Leave out the pictures and retype exactly the lines from the one with "Crystal Dangle Earrings" through the end of the records.

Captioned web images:
»»
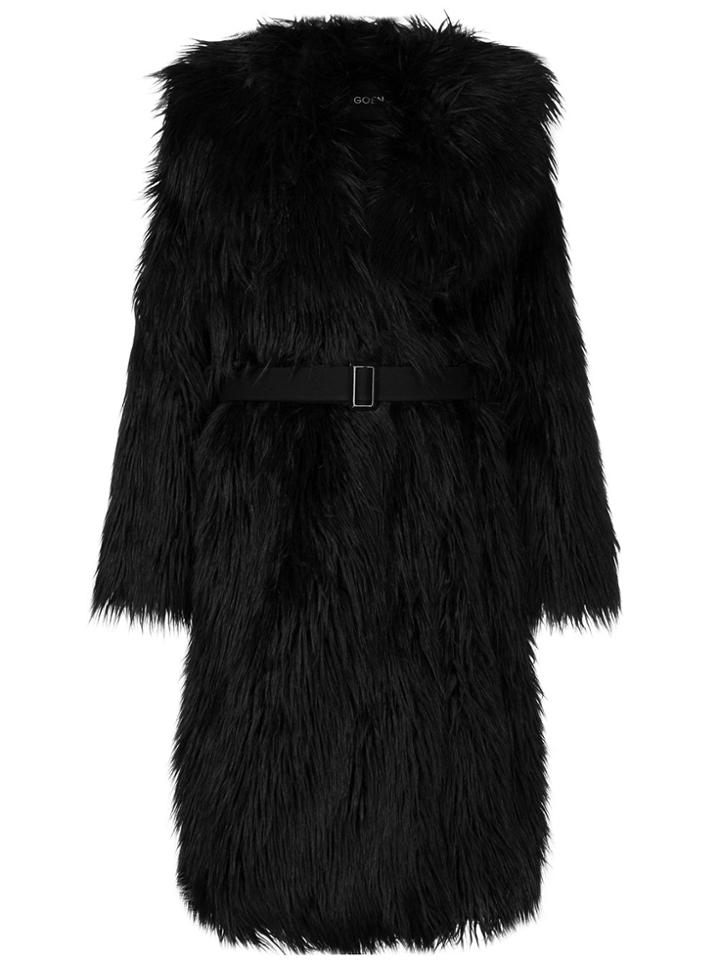 Goen.j Oversized Faux Fur Coat - Black
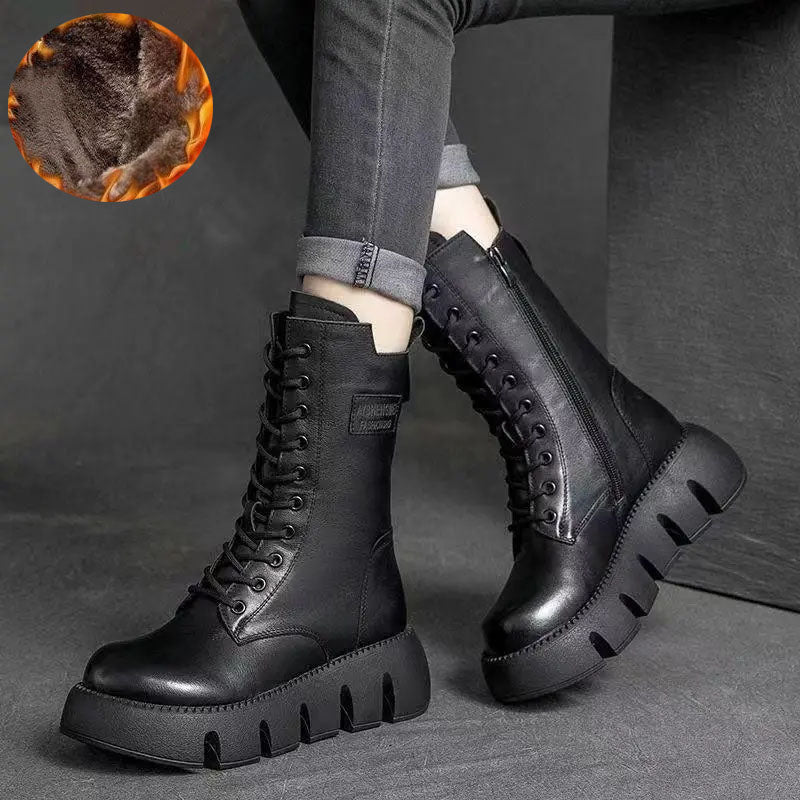 Lena | Chunky Sole Side Zip Women's Boots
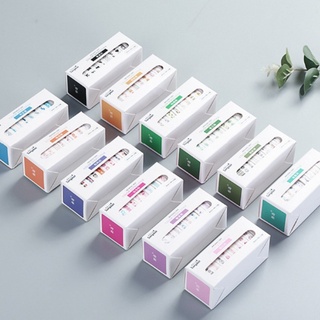 Set 10 cuộn băng dính washi tape đường viền cầu vồng trang trí planner, scrapbook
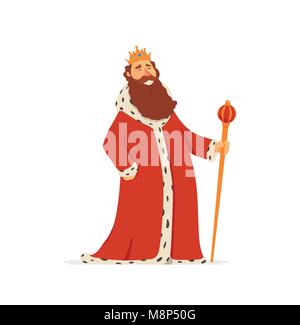 King - moderno vettore cartoon persone illustrazione dei caratteri Illustrazione Vettoriale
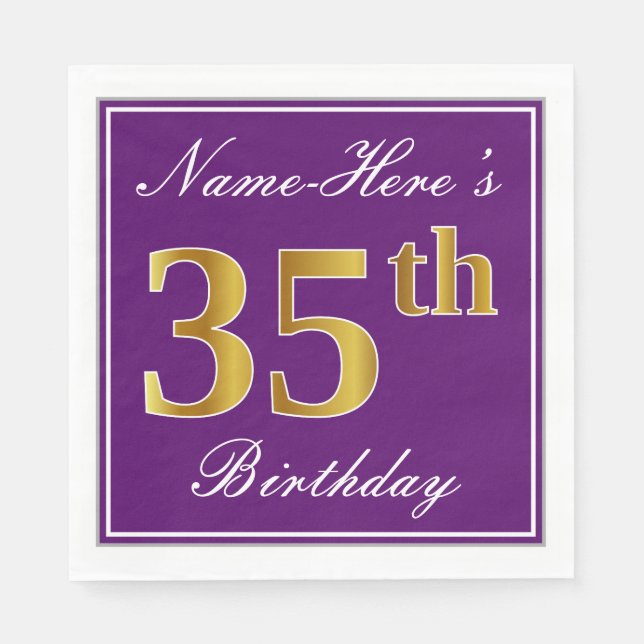 Serviette En Papier Elégant violet, Faux Gold 35ème anniversaire + Nom (Devant)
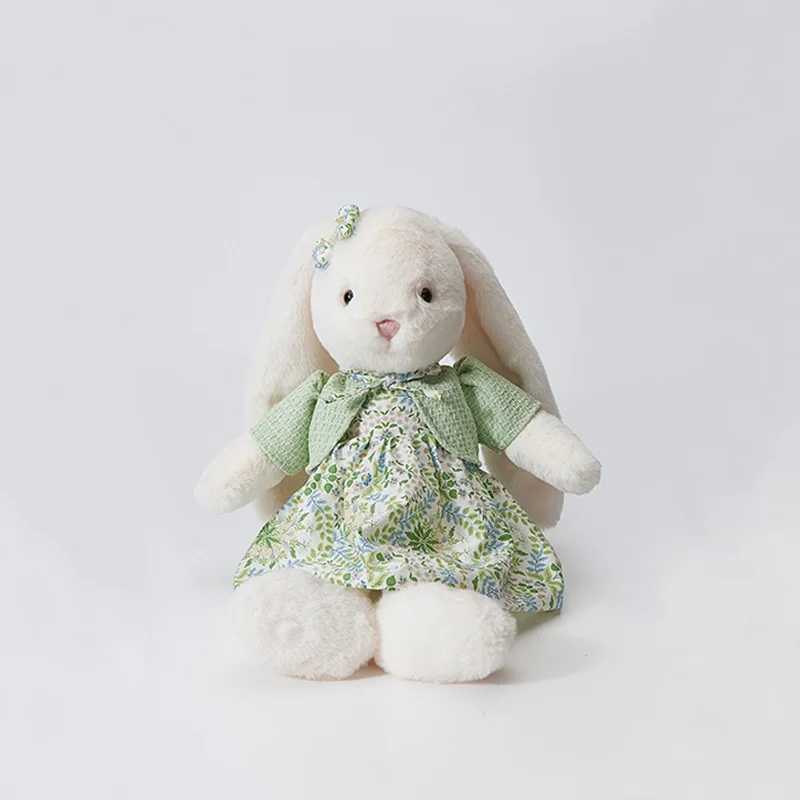 40cm cute and soft wearing green dress, rabbit plush doll cute accessories, holiday birthday gifts, children's accompanying toys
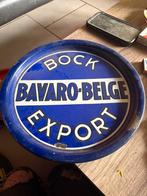 Emaille plateau bock bavaro-belge export, Verzamelen, Biermerken, Ophalen, Gebruikt, Reclamebord, Plaat of Schild, Overige merken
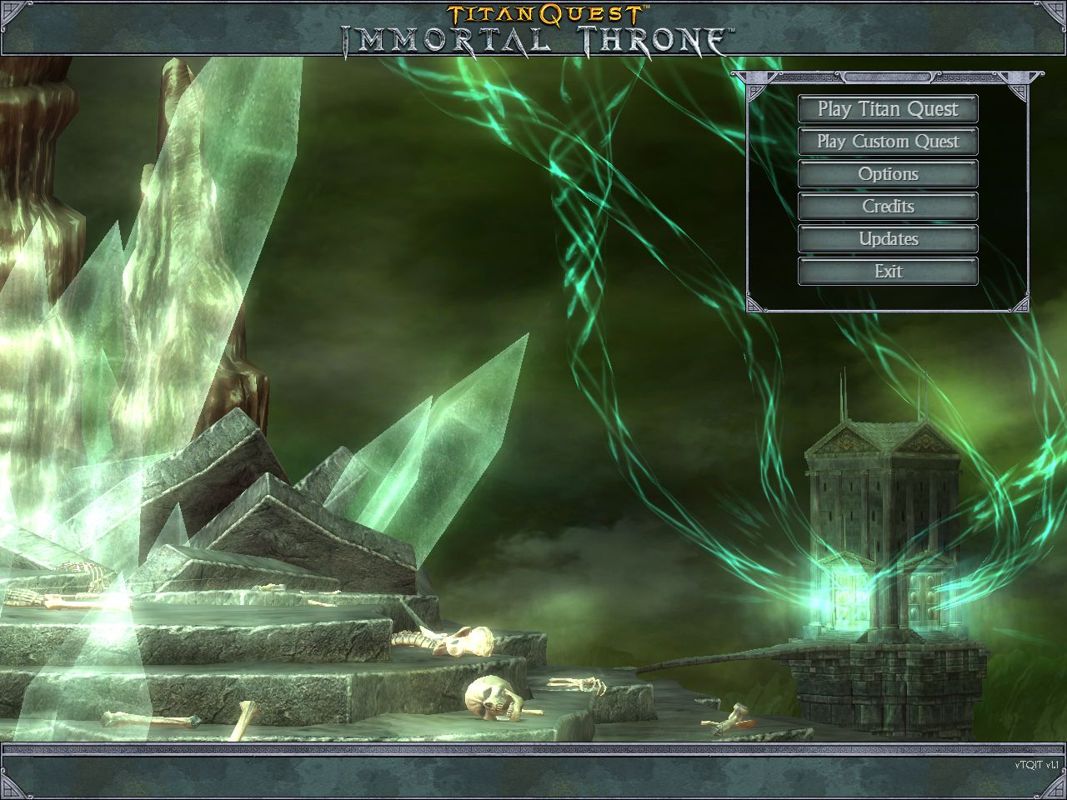 Titan Quest: Immortal Throne (Windows) screenshot: Main menu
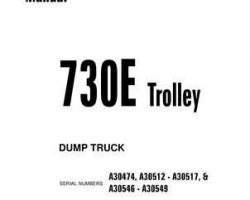 Komatsu Dump Trucks Rigid Model 730E-With Trolley Owner Operator Maintenance Manual - S/N A30474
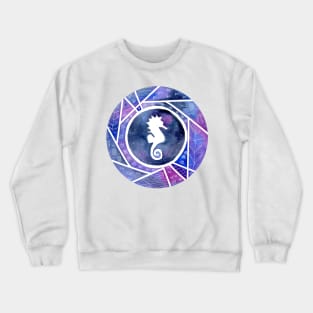 Watercolor Seahorse with white background Crewneck Sweatshirt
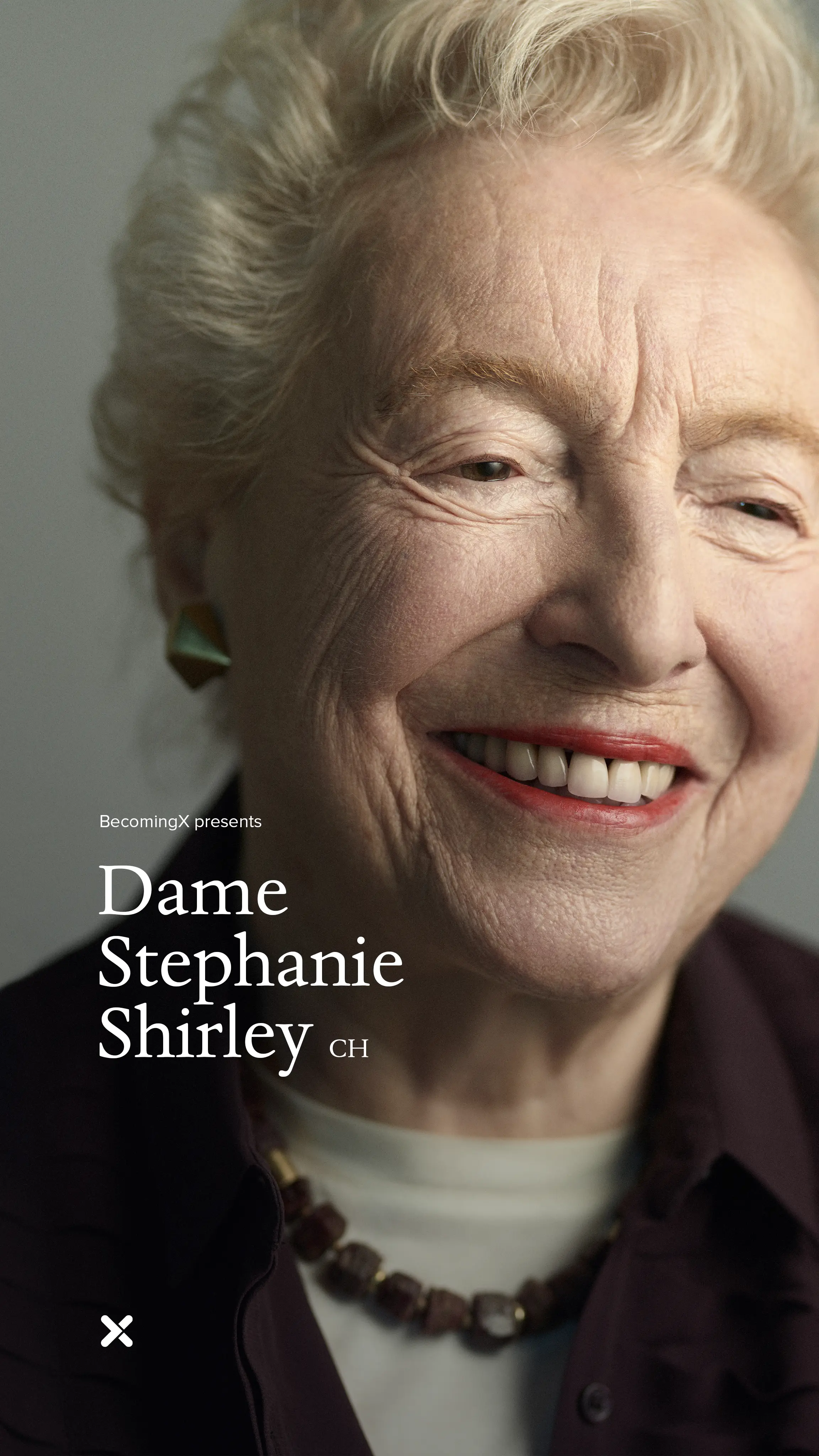 Portrait of Stephanie Shirley, refugee, tech entrepreneur and philanthropist. Dame Stephanie Shirley CH text overlaid.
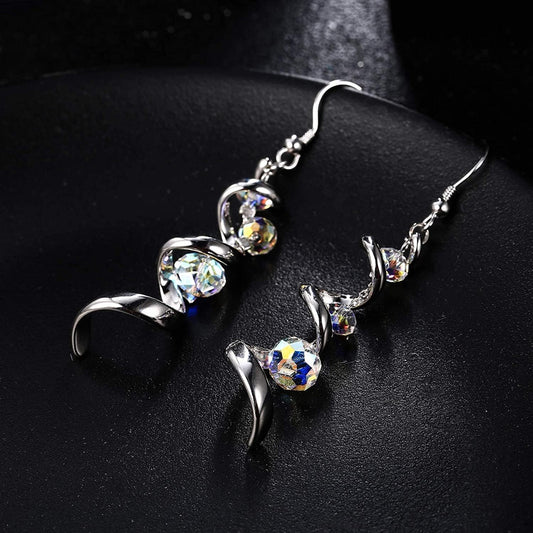 Crystal Dangle Earrings Long Drop Earrings for Women, 925 Sterling Silver Fishhook Earrings, Spiral Ribbon Multi Teardrop Sparkly Crystal Drop Dangly Earrings Jewellery Gifts for Her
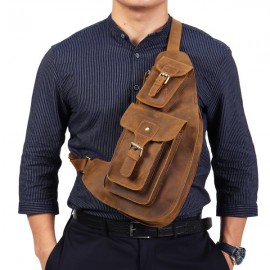 Genuine Leather Chest Bag Vintage Multi-Pocket Single-shoulder Crossbody Bag For Men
««
:: Written answer ::
 Crystal Dangle Earrings Long Drop Earrings for Women, 925 Sterling Silver Fishhook Earrings, Spiral Ribbon Multi Teardrop Sparkly Crystal Drop Dangly Earrings Jewellery Gifts for Her
 Genuine Leather Chest Bag Vintage Multi-Pocket Single-shoulder Crossbody Bag For Men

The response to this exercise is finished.